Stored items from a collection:
..............................

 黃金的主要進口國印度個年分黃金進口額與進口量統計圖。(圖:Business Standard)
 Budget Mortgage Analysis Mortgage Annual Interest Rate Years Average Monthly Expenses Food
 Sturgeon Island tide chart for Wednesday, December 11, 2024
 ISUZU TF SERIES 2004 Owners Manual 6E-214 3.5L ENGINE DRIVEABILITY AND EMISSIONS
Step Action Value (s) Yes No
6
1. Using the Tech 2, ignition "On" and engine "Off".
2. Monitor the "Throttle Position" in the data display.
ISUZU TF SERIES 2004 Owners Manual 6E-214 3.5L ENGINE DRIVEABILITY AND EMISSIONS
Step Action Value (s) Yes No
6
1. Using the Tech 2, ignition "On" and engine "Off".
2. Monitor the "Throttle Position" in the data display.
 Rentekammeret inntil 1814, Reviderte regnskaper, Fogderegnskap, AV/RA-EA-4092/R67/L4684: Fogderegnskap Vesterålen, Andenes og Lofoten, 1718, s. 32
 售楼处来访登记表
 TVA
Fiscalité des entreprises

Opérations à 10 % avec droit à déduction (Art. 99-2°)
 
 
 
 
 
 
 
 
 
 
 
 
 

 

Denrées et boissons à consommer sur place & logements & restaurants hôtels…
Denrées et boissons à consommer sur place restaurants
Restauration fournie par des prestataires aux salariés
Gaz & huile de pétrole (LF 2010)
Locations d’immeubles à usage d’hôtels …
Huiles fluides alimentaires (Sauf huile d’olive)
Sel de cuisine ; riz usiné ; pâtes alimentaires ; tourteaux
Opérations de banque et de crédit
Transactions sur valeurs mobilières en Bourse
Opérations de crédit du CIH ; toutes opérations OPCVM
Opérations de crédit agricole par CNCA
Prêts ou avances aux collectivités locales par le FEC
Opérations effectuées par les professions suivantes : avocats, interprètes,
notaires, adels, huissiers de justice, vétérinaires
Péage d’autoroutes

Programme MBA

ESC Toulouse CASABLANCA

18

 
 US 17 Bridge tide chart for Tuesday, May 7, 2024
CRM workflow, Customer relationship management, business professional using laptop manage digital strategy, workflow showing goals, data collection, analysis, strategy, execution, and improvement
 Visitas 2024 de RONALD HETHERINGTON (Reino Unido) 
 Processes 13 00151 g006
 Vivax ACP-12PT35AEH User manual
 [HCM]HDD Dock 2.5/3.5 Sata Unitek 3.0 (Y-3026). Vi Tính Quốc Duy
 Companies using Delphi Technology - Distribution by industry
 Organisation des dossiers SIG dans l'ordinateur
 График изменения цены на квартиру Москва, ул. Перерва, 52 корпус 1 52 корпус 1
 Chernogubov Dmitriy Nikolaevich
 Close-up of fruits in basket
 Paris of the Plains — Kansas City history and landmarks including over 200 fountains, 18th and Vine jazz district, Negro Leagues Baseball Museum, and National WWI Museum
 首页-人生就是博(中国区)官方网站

..............................

Exercise prompt: The whole block of data above should be printed again verbatim.

Worked solution:
 黃金的主要進口國印度個年分黃金進口額與進口量統計圖。(圖:Business Standard)
 Budget Mortgage Analysis Mortgage Annual Interest Rate Years Average Monthly Expenses Food
 Sturgeon Island tide chart for Wednesday, December 11, 2024
 ISUZU TF SERIES 2004 Owners Manual 6E-214 3.5L ENGINE DRIVEABILITY AND EMISSIONS
Step Action Value (s) Yes No
6
1. Using the Tech 2, ignition "On" and engine "Off".
2. Monitor the "Throttle Position" in the data display.
ISUZU TF SERIES 2004 Owners Manual 6E-214 3.5L ENGINE DRIVEABILITY AND EMISSIONS
Step Action Value (s) Yes No
6
1. Using the Tech 2, ignition "On" and engine "Off".
2. Monitor the "Throttle Position" in the data display.
 Rentekammeret inntil 1814, Reviderte regnskaper, Fogderegnskap, AV/RA-EA-4092/R67/L4684: Fogderegnskap Vesterålen, Andenes og Lofoten, 1718, s. 32
 售楼处来访登记表
 TVA
Fiscalité des entreprises

Opérations à 10 % avec droit à déduction (Art. 99-2°)
 
 
 
 
 
 
 
 
 
 
 
 
 

 

Denrées et boissons à consommer sur place & logements & restaurants hôtels…
Denrées et boissons à consommer sur place restaurants
Restauration fournie par des prestataires aux salariés
Gaz & huile de pétrole (LF 2010)
Locations d’immeubles à usage d’hôtels …
Huiles fluides alimentaires (Sauf huile d’olive)
Sel de cuisine ; riz usiné ; pâtes alimentaires ; tourteaux
Opérations de banque et de crédit
Transactions sur valeurs mobilières en Bourse
Opérations de crédit du CIH ; toutes opérations OPCVM
Opérations de crédit agricole par CNCA
Prêts ou avances aux collectivités locales par le FEC
Opérations effectuées par les professions suivantes : avocats, interprètes,
notaires, adels, huissiers de justice, vétérinaires
Péage d’autoroutes

Programme MBA

ESC Toulouse CASABLANCA

18

 
 US 17 Bridge tide chart for Tuesday, May 7, 2024
CRM workflow, Customer relationship management, business professional using laptop manage digital strategy, workflow showing goals, data collection, analysis, strategy, execution, and improvement
 Visitas 2024 de RONALD HETHERINGTON (Reino Unido) 
 Processes 13 00151 g006
 Vivax ACP-12PT35AEH User manual
 [HCM]HDD Dock 2.5/3.5 Sata Unitek 3.0 (Y-3026). Vi Tính Quốc Duy
 Companies using Delphi Technology - Distribution by industry
 Organisation des dossiers SIG dans l'ordinateur
 График изменения цены на квартиру Москва, ул. Перерва, 52 корпус 1 52 корпус 1
 Chernogubov Dmitriy Nikolaevich
 Close-up of fruits in basket
 Paris of the Plains — Kansas City history and landmarks including over 200 fountains, 18th and Vine jazz district, Negro Leagues Baseball Museum, and National WWI Museum
 首页-人生就是博(中国区)官方网站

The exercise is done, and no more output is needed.